- _Task directions_
Images aside, the whole listing should be written out word for word.

- _Data shown_
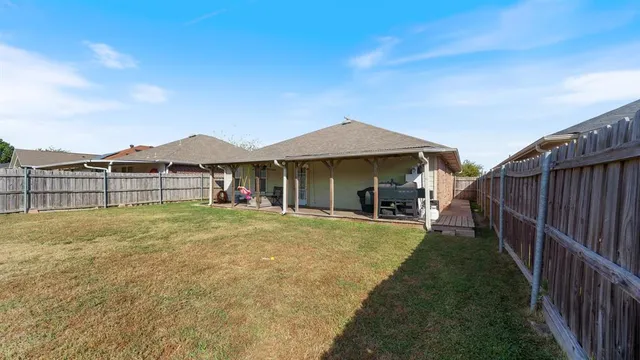 $199,900 | 112 West Cedar Street, Lone Oak, TX 75453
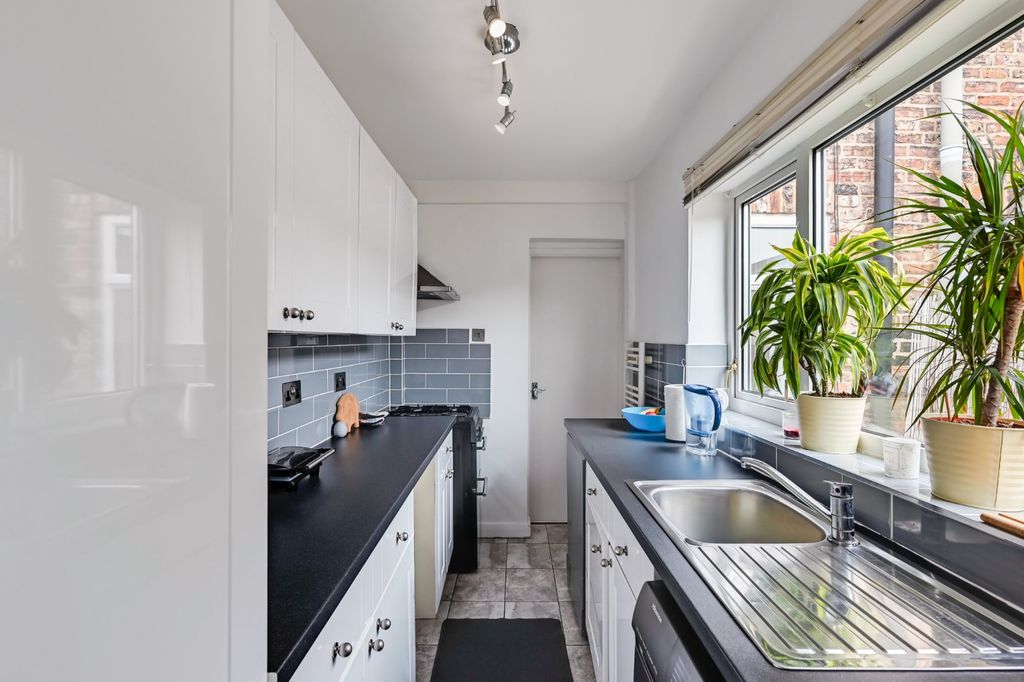 Additional image 5 of 2 bed terraced house for saleLower Ebor Street, Clementhorpe, York YO23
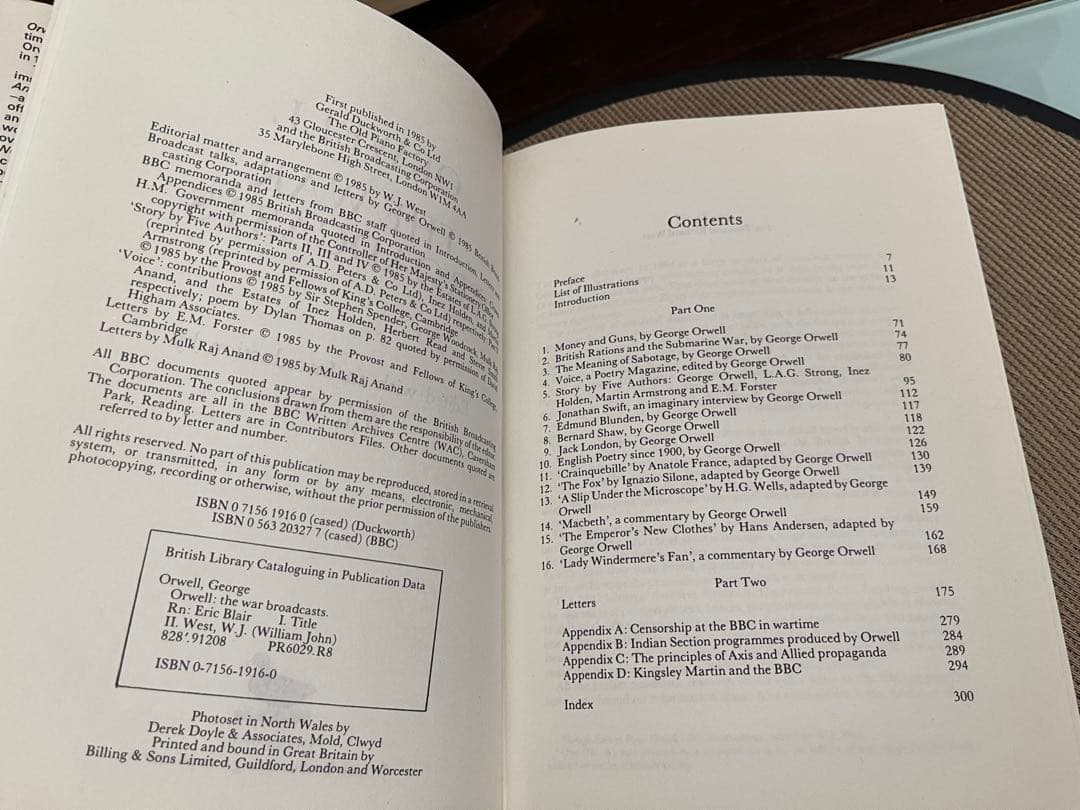 洋書 ORWELL THE WAR BROADCASTS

- _Answer to the exercise_
 $199,900 | 112 West Cedar Street, Lone Oak, TX 75453
 Additional image 5 of 2 bed terraced house for saleLower Ebor Street, Clementhorpe, York YO23
 洋書 ORWELL THE WAR BROADCASTS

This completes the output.